PROVIDED RECORDS:

====

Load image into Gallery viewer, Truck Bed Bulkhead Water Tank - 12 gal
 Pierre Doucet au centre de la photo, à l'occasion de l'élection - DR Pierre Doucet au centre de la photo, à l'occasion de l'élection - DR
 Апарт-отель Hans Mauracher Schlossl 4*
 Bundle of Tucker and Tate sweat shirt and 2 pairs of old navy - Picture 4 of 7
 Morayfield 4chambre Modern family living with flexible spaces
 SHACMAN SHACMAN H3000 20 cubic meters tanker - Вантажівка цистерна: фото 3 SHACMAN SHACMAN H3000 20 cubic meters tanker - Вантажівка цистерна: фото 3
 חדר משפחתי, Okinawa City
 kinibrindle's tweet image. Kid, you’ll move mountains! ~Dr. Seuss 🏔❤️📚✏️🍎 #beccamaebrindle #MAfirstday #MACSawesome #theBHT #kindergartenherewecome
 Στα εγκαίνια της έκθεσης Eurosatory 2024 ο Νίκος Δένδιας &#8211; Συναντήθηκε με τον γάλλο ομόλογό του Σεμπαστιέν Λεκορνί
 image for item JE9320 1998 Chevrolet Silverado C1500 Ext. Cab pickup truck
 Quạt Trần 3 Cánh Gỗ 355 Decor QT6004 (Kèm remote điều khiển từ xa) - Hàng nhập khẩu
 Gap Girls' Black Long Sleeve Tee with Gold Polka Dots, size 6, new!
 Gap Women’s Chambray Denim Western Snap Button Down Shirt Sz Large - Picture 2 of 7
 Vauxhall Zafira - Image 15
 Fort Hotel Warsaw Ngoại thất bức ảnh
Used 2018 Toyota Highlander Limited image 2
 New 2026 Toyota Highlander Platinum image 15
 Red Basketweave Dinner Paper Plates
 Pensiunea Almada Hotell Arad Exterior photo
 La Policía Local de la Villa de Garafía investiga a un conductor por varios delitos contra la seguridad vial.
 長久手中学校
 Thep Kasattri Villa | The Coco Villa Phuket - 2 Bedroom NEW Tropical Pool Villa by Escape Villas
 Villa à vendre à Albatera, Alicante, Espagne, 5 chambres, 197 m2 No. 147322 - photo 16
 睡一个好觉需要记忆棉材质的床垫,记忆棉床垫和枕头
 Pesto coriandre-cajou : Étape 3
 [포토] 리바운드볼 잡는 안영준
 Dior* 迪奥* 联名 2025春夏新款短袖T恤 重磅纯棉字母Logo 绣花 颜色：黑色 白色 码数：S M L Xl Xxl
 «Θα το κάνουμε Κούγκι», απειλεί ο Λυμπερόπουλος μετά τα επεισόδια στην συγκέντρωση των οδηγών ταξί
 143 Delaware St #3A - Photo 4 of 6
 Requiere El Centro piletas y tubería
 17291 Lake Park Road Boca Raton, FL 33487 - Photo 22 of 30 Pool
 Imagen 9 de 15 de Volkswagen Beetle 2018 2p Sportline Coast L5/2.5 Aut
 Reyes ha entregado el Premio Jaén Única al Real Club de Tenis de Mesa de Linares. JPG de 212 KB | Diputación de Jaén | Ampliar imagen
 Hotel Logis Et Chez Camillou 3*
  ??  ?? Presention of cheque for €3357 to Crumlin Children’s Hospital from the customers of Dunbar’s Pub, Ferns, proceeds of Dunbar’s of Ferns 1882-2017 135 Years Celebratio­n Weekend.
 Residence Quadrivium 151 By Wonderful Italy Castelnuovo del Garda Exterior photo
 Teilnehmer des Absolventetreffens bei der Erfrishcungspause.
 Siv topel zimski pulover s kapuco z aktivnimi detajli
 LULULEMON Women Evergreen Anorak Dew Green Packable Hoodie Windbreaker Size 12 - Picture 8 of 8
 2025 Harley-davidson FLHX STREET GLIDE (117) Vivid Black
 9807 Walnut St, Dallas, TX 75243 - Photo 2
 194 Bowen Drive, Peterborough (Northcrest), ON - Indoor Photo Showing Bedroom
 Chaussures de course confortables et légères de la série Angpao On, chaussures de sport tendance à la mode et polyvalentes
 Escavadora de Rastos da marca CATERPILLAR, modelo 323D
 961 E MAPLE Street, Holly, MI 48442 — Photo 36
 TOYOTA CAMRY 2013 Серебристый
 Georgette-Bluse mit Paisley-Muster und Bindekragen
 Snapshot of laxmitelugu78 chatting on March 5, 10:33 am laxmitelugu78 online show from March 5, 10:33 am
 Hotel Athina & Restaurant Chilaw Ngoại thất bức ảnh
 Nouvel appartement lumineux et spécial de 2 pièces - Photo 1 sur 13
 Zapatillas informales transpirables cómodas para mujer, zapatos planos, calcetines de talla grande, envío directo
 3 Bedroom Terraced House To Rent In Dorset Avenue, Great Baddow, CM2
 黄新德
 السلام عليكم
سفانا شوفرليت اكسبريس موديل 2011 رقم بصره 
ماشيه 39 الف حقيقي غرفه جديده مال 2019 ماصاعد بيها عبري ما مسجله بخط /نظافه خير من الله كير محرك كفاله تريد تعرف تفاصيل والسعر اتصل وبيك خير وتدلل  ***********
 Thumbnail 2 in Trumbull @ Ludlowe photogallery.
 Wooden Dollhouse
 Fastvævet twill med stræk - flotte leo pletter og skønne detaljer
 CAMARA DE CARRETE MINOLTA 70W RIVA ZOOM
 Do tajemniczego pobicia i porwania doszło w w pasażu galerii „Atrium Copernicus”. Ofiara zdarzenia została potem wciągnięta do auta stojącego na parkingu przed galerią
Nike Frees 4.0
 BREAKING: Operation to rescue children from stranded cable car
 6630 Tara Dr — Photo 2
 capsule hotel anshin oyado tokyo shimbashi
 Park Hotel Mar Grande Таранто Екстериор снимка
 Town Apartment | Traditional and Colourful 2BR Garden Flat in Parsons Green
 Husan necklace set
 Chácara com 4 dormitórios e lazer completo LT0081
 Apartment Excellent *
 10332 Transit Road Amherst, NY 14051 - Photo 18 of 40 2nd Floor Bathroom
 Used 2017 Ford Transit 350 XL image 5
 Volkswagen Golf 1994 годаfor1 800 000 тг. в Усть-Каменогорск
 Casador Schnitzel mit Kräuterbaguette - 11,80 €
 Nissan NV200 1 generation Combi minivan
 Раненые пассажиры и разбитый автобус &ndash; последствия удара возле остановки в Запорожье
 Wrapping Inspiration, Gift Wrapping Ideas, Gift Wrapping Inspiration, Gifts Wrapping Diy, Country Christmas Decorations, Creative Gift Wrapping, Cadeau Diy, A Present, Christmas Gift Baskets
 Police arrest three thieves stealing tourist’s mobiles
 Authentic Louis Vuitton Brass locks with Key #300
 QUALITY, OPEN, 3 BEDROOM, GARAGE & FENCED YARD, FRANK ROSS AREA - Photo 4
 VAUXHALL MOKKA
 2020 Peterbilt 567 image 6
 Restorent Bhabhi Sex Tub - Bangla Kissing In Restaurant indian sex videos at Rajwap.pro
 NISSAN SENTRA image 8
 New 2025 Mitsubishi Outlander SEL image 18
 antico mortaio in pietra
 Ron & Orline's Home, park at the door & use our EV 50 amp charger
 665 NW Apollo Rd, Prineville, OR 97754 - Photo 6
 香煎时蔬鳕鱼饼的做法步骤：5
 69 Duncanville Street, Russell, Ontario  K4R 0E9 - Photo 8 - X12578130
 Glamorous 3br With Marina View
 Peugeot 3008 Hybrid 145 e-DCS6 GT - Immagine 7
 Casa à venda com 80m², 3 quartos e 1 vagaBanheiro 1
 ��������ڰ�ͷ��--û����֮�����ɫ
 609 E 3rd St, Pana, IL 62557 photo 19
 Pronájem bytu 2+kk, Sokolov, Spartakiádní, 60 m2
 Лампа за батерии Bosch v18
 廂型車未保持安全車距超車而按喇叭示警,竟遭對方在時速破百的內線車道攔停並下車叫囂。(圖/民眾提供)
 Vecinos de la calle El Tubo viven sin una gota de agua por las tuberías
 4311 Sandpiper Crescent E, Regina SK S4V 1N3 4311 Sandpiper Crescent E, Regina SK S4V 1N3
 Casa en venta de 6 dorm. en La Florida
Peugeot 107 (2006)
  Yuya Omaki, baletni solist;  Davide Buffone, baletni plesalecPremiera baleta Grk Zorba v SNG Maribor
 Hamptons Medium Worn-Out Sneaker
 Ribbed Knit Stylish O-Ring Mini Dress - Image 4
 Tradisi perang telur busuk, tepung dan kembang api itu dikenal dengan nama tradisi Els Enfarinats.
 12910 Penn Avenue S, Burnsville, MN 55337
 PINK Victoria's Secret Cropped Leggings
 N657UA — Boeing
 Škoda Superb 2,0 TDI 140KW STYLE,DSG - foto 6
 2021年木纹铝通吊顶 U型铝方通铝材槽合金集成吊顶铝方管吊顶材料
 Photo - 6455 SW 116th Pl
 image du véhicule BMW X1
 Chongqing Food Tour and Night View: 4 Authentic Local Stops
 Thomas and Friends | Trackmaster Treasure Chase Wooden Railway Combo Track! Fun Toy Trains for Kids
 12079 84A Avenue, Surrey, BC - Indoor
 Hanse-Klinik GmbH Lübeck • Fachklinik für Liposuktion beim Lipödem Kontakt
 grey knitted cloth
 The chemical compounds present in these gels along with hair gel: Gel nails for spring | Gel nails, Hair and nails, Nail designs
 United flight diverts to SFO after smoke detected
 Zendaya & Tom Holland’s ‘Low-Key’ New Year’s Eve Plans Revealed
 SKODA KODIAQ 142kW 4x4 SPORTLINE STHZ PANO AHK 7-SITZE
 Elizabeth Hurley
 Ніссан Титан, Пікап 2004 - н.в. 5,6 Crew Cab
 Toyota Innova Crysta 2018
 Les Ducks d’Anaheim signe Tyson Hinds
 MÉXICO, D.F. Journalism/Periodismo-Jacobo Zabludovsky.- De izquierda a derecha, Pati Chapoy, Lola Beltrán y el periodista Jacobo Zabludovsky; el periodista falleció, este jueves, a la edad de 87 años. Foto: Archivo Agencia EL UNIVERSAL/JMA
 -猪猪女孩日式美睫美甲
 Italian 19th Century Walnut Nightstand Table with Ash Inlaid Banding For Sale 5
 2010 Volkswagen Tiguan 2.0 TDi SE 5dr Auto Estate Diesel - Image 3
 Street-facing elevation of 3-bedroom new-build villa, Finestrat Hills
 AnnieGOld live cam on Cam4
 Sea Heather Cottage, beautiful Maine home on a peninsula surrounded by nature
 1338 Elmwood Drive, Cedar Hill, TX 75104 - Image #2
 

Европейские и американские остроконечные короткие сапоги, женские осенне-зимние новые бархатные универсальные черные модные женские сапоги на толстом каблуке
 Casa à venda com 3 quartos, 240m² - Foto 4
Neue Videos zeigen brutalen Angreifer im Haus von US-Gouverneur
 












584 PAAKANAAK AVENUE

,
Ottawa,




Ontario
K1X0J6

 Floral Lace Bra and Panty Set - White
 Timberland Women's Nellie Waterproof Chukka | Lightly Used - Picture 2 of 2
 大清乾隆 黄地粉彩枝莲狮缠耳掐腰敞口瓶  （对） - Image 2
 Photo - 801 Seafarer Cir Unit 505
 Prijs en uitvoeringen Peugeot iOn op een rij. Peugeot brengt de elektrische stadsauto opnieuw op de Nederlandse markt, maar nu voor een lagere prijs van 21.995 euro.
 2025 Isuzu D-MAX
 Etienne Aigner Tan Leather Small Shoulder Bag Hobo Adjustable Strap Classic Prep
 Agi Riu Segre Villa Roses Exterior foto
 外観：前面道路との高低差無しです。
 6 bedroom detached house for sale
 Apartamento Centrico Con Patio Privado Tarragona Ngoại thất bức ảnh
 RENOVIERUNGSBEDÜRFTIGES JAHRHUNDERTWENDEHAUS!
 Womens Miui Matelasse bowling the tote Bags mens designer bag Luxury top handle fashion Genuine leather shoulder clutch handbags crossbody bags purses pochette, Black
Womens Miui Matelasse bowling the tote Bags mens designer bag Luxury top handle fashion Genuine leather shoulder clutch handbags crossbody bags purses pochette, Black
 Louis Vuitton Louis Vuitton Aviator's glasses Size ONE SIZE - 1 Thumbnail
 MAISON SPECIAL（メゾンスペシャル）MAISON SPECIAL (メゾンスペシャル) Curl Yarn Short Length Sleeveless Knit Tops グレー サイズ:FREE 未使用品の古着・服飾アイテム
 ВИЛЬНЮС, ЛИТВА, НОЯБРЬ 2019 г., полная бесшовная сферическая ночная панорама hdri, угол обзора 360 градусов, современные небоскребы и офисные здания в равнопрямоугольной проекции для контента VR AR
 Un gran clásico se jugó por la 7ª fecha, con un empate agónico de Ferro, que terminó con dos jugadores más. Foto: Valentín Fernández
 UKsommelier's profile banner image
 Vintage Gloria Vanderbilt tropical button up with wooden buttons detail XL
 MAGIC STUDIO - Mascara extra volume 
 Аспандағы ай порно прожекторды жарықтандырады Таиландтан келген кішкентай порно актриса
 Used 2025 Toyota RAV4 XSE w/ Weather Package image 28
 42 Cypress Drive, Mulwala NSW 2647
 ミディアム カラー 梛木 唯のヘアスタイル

====

WORK ITEM:
The answer should be one number: how many lines in the listing above contain "Authentic".

ANSWER TO THIS EXERCISE:
2